Georgia, 2042.  Population 19.2 million.  How many more counties can metro Atlanta absorb?  There is no question that the Atlanta-Charlotte corridor will become an uninterrupted belt of development (paging William Gibson).  Georgia is scary.

Colorado, 2044: population 9.8 million.  The gap with Wyoming only grows.

Texas: 2045.  It is currently growing by 1300+ people every day.  That’s an extra Austin every year and a half.

Idaho, 2049: population 3.1 million.  If you take its post-1990 rate, it would double by 2038.

Washington, 2050: population 13.02 million.

North Carolina, 2051: population 18.4 million.

California, 2054:  a monstrous state-nation of 73 million people.  That would be gruesome.  Even at its slower rate of growth during this century, there will still be 59 million Californians by 2054.

New Mexico, 2055: 3.9 million.

Virginia, 2056: population 14.4 million.  By then Richmond will be a DC suburb.

Delaware, 2058: population 1.75 million. Fastest-growing state in the Northeast.

South Carolina, 2061: population 8.8 million.

New Hampshire, 2062: population 2.6 million.

Oregon, 2062: population 7.6 million.

Tennessee, 2072: population 12.4 million.

United States, 2072: if we don’t abort almost everybody, there could be 616 million Americans in only 63 years.  I can’t think of a worse nightmare, unless the global economy is carbon-negative and nobody eats.

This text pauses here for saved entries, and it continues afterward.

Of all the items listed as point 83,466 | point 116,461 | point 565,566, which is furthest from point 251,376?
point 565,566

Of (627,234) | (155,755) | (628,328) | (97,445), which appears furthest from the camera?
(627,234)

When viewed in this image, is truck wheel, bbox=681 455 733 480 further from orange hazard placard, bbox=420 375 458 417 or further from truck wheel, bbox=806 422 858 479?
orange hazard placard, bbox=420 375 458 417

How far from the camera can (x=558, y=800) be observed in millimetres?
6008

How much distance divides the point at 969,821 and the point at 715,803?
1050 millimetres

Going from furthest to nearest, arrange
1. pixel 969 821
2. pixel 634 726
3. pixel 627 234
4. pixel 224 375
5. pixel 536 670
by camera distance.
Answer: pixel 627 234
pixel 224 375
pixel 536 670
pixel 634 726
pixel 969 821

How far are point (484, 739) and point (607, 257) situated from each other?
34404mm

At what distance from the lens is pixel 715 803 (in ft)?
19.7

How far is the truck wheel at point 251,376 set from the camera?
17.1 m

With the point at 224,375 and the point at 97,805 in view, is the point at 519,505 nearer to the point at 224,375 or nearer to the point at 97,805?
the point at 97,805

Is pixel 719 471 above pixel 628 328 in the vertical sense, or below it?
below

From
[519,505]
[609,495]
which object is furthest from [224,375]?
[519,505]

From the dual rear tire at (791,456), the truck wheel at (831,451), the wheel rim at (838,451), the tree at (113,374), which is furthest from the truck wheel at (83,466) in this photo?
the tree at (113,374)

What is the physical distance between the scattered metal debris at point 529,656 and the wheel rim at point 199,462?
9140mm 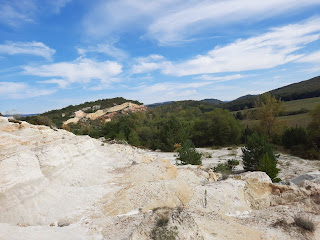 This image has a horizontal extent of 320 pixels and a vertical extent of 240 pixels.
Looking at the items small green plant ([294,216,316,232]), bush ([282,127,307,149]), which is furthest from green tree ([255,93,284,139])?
small green plant ([294,216,316,232])

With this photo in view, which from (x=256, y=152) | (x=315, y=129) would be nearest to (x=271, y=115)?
(x=315, y=129)

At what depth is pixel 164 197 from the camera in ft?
27.1

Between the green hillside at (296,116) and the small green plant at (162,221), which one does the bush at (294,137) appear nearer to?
the green hillside at (296,116)

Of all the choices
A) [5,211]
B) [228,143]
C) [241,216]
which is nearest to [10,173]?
[5,211]

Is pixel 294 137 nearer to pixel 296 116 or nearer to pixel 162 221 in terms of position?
pixel 296 116

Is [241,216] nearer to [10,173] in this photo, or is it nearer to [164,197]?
[164,197]

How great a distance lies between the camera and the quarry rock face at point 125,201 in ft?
19.4

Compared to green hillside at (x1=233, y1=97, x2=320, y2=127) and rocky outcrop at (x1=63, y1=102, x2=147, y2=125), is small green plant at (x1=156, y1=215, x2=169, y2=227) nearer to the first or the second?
green hillside at (x1=233, y1=97, x2=320, y2=127)

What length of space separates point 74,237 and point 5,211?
271 centimetres

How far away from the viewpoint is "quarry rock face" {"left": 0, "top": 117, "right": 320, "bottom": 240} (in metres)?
5.91

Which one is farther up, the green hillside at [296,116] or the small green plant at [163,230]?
the small green plant at [163,230]

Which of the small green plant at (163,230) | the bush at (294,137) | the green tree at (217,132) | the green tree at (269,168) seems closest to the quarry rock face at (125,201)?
the small green plant at (163,230)

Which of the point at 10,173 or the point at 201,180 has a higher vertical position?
the point at 10,173

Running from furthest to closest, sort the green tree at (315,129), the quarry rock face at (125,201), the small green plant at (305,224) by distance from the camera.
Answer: the green tree at (315,129)
the small green plant at (305,224)
the quarry rock face at (125,201) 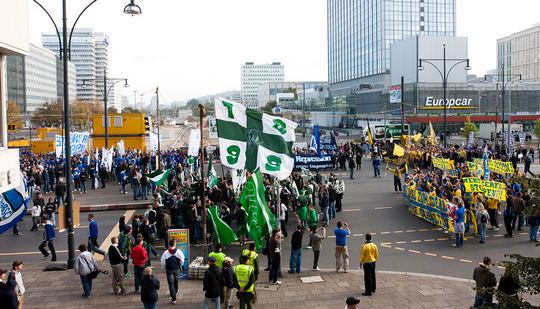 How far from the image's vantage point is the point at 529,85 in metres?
92.2

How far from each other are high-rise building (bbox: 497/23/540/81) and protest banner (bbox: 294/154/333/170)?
115418 mm

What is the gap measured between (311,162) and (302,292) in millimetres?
21899

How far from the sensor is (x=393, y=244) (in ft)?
→ 58.3

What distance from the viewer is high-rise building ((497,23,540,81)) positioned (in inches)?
5468

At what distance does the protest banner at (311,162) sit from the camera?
33.8 meters

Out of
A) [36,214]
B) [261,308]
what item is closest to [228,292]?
[261,308]

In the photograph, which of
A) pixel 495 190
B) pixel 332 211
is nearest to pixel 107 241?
pixel 332 211

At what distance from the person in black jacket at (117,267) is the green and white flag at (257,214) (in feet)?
10.8

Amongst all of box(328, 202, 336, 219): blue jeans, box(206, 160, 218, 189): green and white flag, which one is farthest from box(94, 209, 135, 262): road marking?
box(328, 202, 336, 219): blue jeans

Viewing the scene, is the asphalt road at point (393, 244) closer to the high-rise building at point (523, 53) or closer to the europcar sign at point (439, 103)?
the europcar sign at point (439, 103)

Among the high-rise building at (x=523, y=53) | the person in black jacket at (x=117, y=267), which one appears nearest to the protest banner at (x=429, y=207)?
the person in black jacket at (x=117, y=267)

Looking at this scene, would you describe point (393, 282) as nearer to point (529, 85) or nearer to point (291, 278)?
point (291, 278)

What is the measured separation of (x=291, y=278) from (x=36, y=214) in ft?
38.4

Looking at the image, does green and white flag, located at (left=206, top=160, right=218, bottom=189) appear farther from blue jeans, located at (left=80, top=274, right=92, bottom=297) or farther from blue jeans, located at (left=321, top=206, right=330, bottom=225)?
blue jeans, located at (left=80, top=274, right=92, bottom=297) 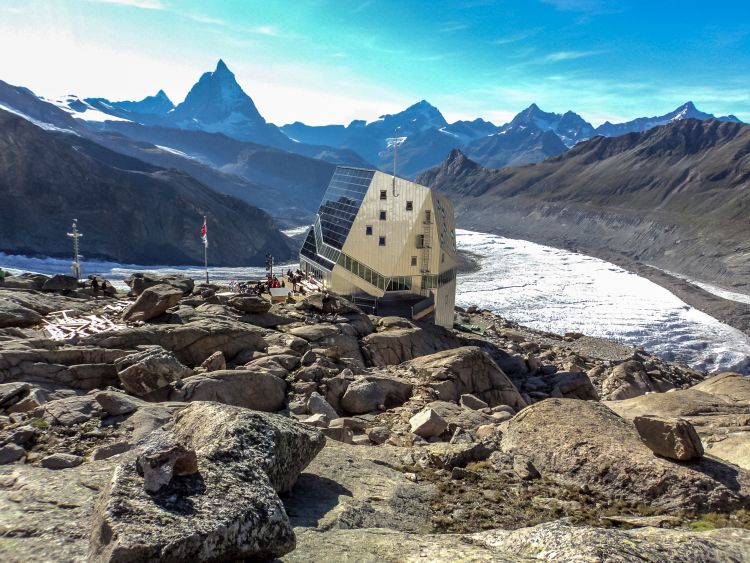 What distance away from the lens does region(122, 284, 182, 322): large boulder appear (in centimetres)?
2066

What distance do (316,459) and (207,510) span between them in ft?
12.4

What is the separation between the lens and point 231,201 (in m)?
169

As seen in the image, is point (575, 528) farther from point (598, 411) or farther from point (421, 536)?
point (598, 411)

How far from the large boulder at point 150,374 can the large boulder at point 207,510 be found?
7284 mm

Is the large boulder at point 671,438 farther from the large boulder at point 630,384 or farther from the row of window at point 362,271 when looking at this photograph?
the row of window at point 362,271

Maryland, 2075: population, 11.2 million.

Hawai’i, 2078: population, 2.6 million.  You’d think more people would live in Hawai’i.

Minnesota, 2087: population, 10.4 million.

Arkansas, 2096: population 5.7 million.

Montana, 2101: population 1.9 million.

Vermont, 2102.  Population, 1.2 million.  By that time, it will have become the smallest US state.

Oklahoma, 2114.  Population, 7.2 million.  Why anyone would want to live there, I just don’t know.  It’s absolutely the worst state.

Missouri, 2115: population 11.8 million.  Right behind Oklahoma in more ways than one.

Wisconsin, 2116: population 11.2 million.

Kansas, 2125: population 5.6 million.

Alabama, 2129: population 9.3 million.

New Jersey, 2130.  Population 17.3 million.  This is impossible, even if its bafflingly depopulated cities regrew.  The state should be completely built-out in twenty years’ time, and that many people living in such a tiny state would give it a population density–which already exceeds that of India, Japan or the Netherlands–approaching that of Bangladesh.

Kentucky, 2134: population, 8.5 million.

Maine, 2135: population, 2.6 million.

Mississippi, 2135: population 5.9 million.

South Dakota, 2136: population 1.6 million.  But if you take post-2000 growth, it would double much more quickly, by 2095.

Indiana, 2141: population 12.75 million.

Massachusetts, 2162: population, 13 million.

Wyoming, 2162.  After losing people in the 80s, Wyoming was one of the fastest-growing states last year.  Averaging post-1990 growth it would double by 2086–still going to take a while to hit that magic million mark.

Nebraska, 2163: population 3.5 million.

Illinois, 2168: population 25.8 million.  Averaging post-1990 it would be 2113.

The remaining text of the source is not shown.